══ DATA ══

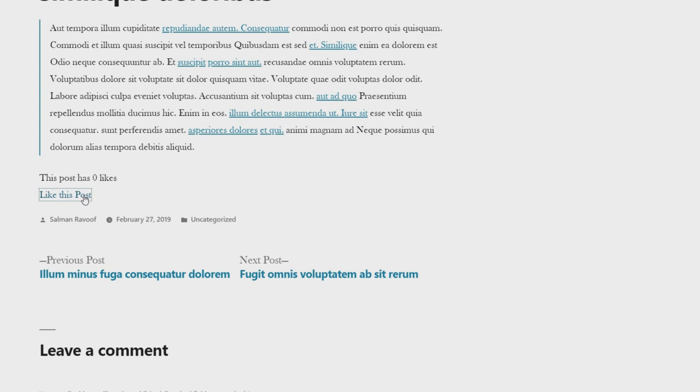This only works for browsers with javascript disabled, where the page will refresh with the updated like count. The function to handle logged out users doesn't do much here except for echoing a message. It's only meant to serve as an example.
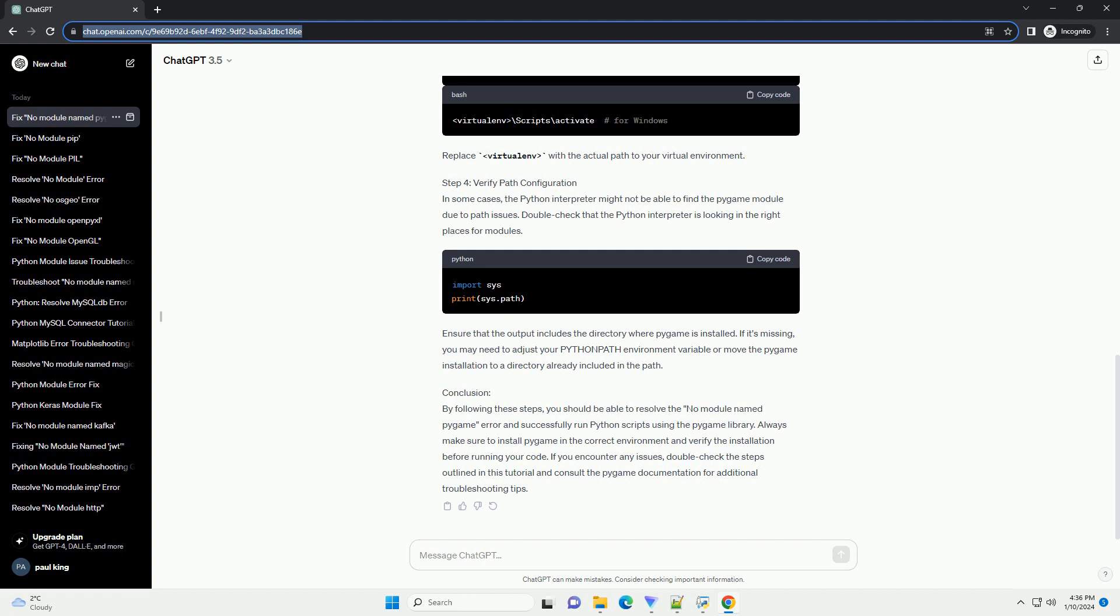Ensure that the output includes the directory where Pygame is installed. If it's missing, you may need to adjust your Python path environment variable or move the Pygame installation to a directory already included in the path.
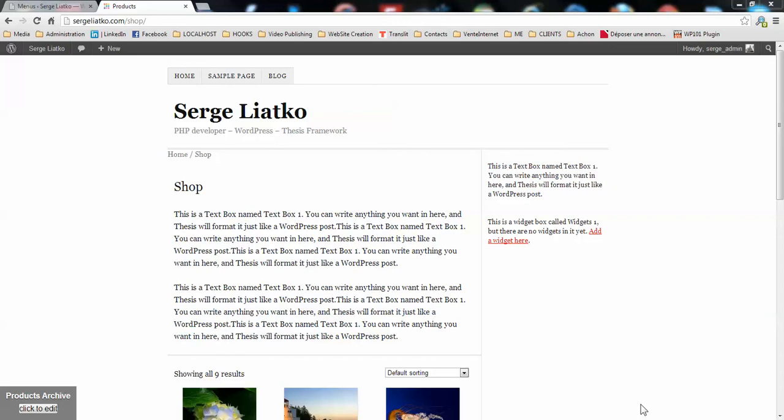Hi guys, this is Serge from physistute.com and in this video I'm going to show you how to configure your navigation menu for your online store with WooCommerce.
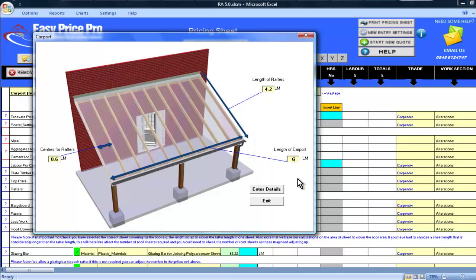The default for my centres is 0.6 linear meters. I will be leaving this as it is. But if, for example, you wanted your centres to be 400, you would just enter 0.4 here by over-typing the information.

═══
══ DATA ══

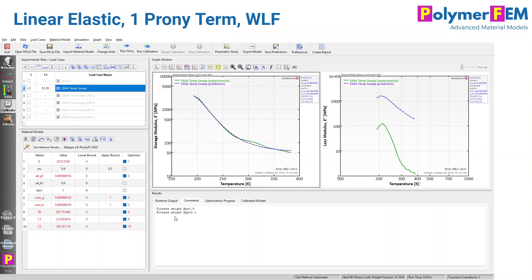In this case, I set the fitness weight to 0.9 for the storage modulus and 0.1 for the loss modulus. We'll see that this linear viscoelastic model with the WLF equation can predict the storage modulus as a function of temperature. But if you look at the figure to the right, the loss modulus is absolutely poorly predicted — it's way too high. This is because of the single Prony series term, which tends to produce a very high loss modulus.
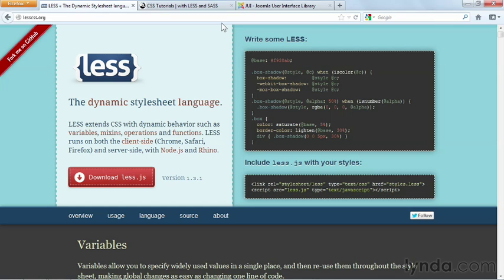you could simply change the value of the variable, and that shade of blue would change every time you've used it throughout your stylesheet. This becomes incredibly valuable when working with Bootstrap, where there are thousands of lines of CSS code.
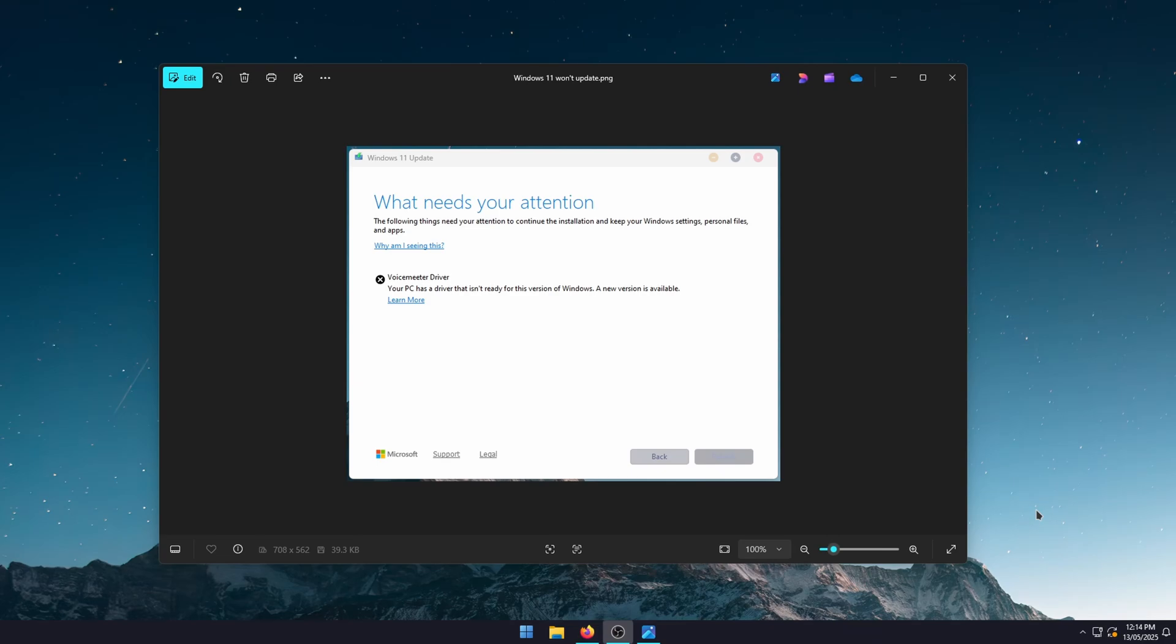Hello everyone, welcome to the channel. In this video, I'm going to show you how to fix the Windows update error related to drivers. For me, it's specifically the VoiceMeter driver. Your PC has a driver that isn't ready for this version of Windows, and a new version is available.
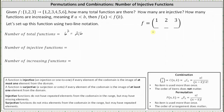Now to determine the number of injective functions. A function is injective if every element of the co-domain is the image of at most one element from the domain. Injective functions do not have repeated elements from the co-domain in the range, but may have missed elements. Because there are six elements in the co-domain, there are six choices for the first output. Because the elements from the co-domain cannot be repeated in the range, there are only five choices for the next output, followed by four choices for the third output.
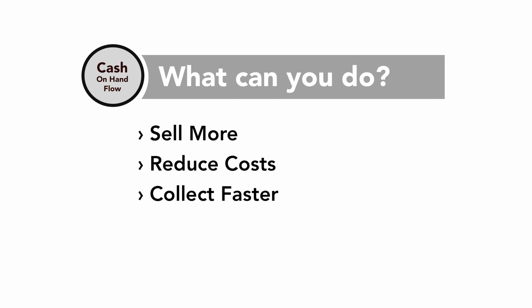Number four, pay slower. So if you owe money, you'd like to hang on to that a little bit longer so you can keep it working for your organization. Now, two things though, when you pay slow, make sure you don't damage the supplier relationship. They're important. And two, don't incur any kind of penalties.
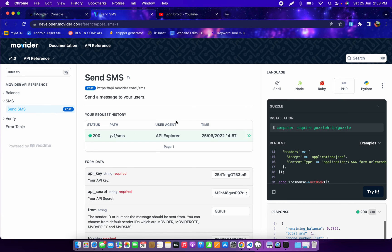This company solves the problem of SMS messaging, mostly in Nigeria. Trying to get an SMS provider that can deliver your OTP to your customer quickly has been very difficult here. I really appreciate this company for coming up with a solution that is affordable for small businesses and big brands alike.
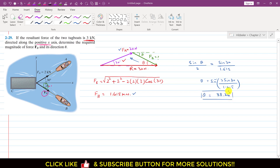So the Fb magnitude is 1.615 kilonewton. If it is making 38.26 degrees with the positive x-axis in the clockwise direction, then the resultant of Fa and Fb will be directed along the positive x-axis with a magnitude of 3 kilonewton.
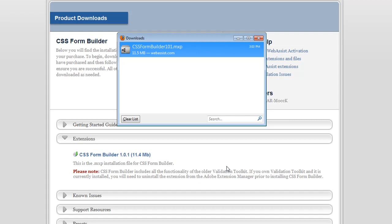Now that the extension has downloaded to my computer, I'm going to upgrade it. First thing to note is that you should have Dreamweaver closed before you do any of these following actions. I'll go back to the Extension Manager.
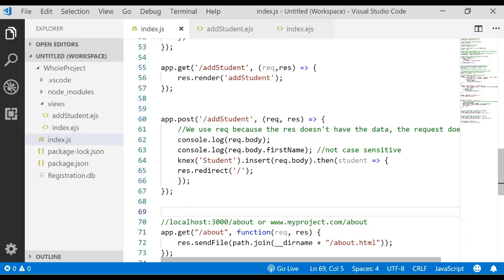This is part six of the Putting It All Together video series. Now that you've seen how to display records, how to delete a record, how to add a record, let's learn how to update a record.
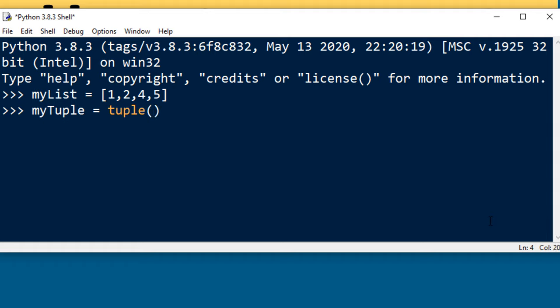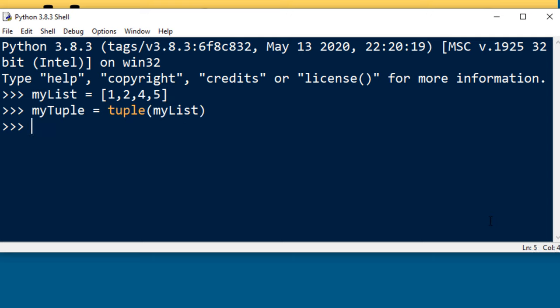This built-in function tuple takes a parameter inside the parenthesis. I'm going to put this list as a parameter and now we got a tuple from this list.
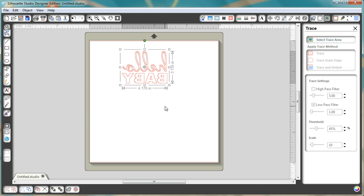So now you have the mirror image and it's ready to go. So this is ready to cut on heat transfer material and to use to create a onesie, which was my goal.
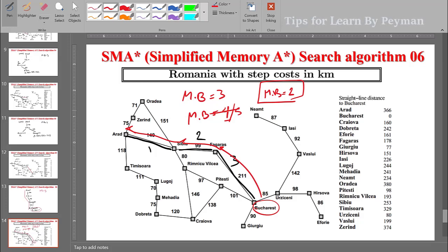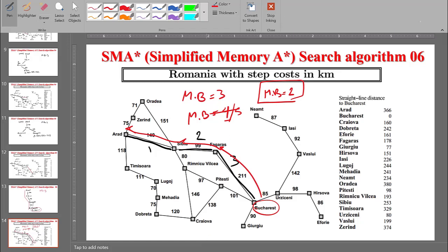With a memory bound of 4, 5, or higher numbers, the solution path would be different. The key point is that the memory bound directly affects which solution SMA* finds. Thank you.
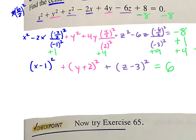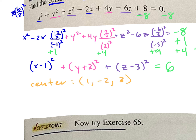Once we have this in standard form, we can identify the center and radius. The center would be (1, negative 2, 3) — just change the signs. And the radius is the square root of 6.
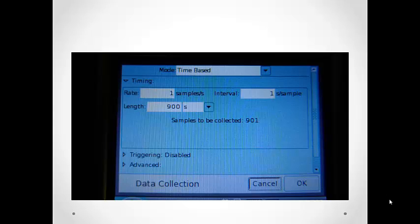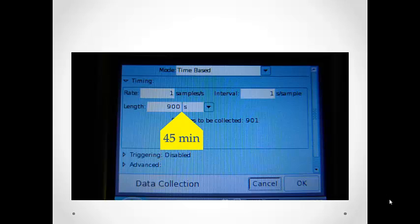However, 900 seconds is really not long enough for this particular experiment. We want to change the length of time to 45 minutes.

═══

WORK INSTRUCTIONS> Keep to the lines above from the line with "So the Fb magnitude" to the line with "Once we have", and set down exactly those, inclusive, with nothing else and every picture left out.

TASK RESPONSE>
So the Fb magnitude is 1.615 kilonewton. If it is making 38.26 degrees with the positive x-axis in the clockwise direction, then the resultant of Fa and Fb will be directed along the positive x-axis with a magnitude of 3 kilonewton.
Now that the extension has downloaded to my computer, I'm going to upgrade it. First thing to note is that you should have Dreamweaver closed before you do any of these following actions. I'll go back to the Extension Manager.
This is part six of the Putting It All Together video series. Now that you've seen how to display records, how to delete a record, how to add a record, let's learn how to update a record.
This built-in function tuple takes a parameter inside the parenthesis. I'm going to put this list as a parameter and now we got a tuple from this list.
So now you have the mirror image and it's ready to go. So this is ready to cut on heat transfer material and to use to create a onesie, which was my goal.
With a memory bound of 4, 5, or higher numbers, the solution path would be different. The key point is that the memory bound directly affects which solution SMA* finds. Thank you.
Once we have this in standard form, we can identify the center and radius. The center would be (1, negative 2, 3) — just change the signs. And the radius is the square root of 6.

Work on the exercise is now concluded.